Assigned task
Your task is to return the data below, word for word.
(Beginning of Dataset extract)
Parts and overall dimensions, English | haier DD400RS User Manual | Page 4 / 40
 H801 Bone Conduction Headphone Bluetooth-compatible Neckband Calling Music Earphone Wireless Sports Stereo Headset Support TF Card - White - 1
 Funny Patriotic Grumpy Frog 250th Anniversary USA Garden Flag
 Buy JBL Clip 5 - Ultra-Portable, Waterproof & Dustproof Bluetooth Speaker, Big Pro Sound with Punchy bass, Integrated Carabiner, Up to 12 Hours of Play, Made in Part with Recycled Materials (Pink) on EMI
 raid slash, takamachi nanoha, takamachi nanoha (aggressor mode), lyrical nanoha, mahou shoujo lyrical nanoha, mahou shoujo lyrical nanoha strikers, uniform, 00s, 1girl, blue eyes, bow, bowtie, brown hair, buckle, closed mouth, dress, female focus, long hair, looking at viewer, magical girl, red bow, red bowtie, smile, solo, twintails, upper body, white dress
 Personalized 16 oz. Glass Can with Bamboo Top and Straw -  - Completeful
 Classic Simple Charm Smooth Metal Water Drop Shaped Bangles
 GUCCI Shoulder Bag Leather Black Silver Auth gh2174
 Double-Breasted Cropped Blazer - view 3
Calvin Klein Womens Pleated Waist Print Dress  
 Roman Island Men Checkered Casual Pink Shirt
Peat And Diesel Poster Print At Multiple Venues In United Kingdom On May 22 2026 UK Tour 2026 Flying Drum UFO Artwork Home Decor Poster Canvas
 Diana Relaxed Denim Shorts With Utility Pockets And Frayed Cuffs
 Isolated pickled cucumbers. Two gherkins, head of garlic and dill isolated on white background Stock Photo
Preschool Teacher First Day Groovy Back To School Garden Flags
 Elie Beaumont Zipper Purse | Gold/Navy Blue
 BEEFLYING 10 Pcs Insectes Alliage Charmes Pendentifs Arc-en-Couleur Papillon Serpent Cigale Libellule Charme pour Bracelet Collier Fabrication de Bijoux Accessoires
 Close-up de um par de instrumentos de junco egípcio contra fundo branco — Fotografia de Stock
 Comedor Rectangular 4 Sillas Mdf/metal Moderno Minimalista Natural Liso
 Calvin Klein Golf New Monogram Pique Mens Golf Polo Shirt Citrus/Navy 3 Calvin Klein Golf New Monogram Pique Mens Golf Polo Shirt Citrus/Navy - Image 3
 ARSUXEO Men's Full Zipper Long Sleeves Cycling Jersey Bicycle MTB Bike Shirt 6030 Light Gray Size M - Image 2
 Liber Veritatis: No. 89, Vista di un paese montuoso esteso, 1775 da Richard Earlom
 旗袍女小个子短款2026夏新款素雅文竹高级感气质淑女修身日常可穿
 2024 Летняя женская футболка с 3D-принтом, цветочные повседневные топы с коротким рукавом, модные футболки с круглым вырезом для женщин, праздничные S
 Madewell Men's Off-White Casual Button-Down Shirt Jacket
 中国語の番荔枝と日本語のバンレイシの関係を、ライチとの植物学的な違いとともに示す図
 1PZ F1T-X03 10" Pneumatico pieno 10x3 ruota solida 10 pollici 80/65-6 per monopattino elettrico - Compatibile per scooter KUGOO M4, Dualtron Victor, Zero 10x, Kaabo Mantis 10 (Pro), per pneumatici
(End of Dataset extract)
Task response
Parts and overall dimensions, English | haier DD400RS User Manual | Page 4 / 40
 H801 Bone Conduction Headphone Bluetooth-compatible Neckband Calling Music Earphone Wireless Sports Stereo Headset Support TF Card - White - 1
 Funny Patriotic Grumpy Frog 250th Anniversary USA Garden Flag
 Buy JBL Clip 5 - Ultra-Portable, Waterproof & Dustproof Bluetooth Speaker, Big Pro Sound with Punchy bass, Integrated Carabiner, Up to 12 Hours of Play, Made in Part with Recycled Materials (Pink) on EMI
 raid slash, takamachi nanoha, takamachi nanoha (aggressor mode), lyrical nanoha, mahou shoujo lyrical nanoha, mahou shoujo lyrical nanoha strikers, uniform, 00s, 1girl, blue eyes, bow, bowtie, brown hair, buckle, closed mouth, dress, female focus, long hair, looking at viewer, magical girl, red bow, red bowtie, smile, solo, twintails, upper body, white dress
 Personalized 16 oz. Glass Can with Bamboo Top and Straw -  - Completeful
 Classic Simple Charm Smooth Metal Water Drop Shaped Bangles
 GUCCI Shoulder Bag Leather Black Silver Auth gh2174
 Double-Breasted Cropped Blazer - view 3
Calvin Klein Womens Pleated Waist Print Dress  
 Roman Island Men Checkered Casual Pink Shirt
Peat And Diesel Poster Print At Multiple Venues In United Kingdom On May 22 2026 UK Tour 2026 Flying Drum UFO Artwork Home Decor Poster Canvas
 Diana Relaxed Denim Shorts With Utility Pockets And Frayed Cuffs
 Isolated pickled cucumbers. Two gherkins, head of garlic and dill isolated on white background Stock Photo
Preschool Teacher First Day Groovy Back To School Garden Flags
 Elie Beaumont Zipper Purse | Gold/Navy Blue
 BEEFLYING 10 Pcs Insectes Alliage Charmes Pendentifs Arc-en-Couleur Papillon Serpent Cigale Libellule Charme pour Bracelet Collier Fabrication de Bijoux Accessoires
 Close-up de um par de instrumentos de junco egípcio contra fundo branco — Fotografia de Stock
 Comedor Rectangular 4 Sillas Mdf/metal Moderno Minimalista Natural Liso
 Calvin Klein Golf New Monogram Pique Mens Golf Polo Shirt Citrus/Navy 3 Calvin Klein Golf New Monogram Pique Mens Golf Polo Shirt Citrus/Navy - Image 3
 ARSUXEO Men's Full Zipper Long Sleeves Cycling Jersey Bicycle MTB Bike Shirt 6030 Light Gray Size M - Image 2
 Liber Veritatis: No. 89, Vista di un paese montuoso esteso, 1775 da Richard Earlom
 旗袍女小个子短款2026夏新款素雅文竹高级感气质淑女修身日常可穿
 2024 Летняя женская футболка с 3D-принтом, цветочные повседневные топы с коротким рукавом, модные футболки с круглым вырезом для женщин, праздничные S
 Madewell Men's Off-White Casual Button-Down Shirt Jacket
 中国語の番荔枝と日本語のバンレイシの関係を、ライチとの植物学的な違いとともに示す図
 1PZ F1T-X03 10" Pneumatico pieno 10x3 ruota solida 10 pollici 80/65-6 per monopattino elettrico - Compatibile per scooter KUGOO M4, Dualtron Victor, Zero 10x, Kaabo Mantis 10 (Pro), per pneumatici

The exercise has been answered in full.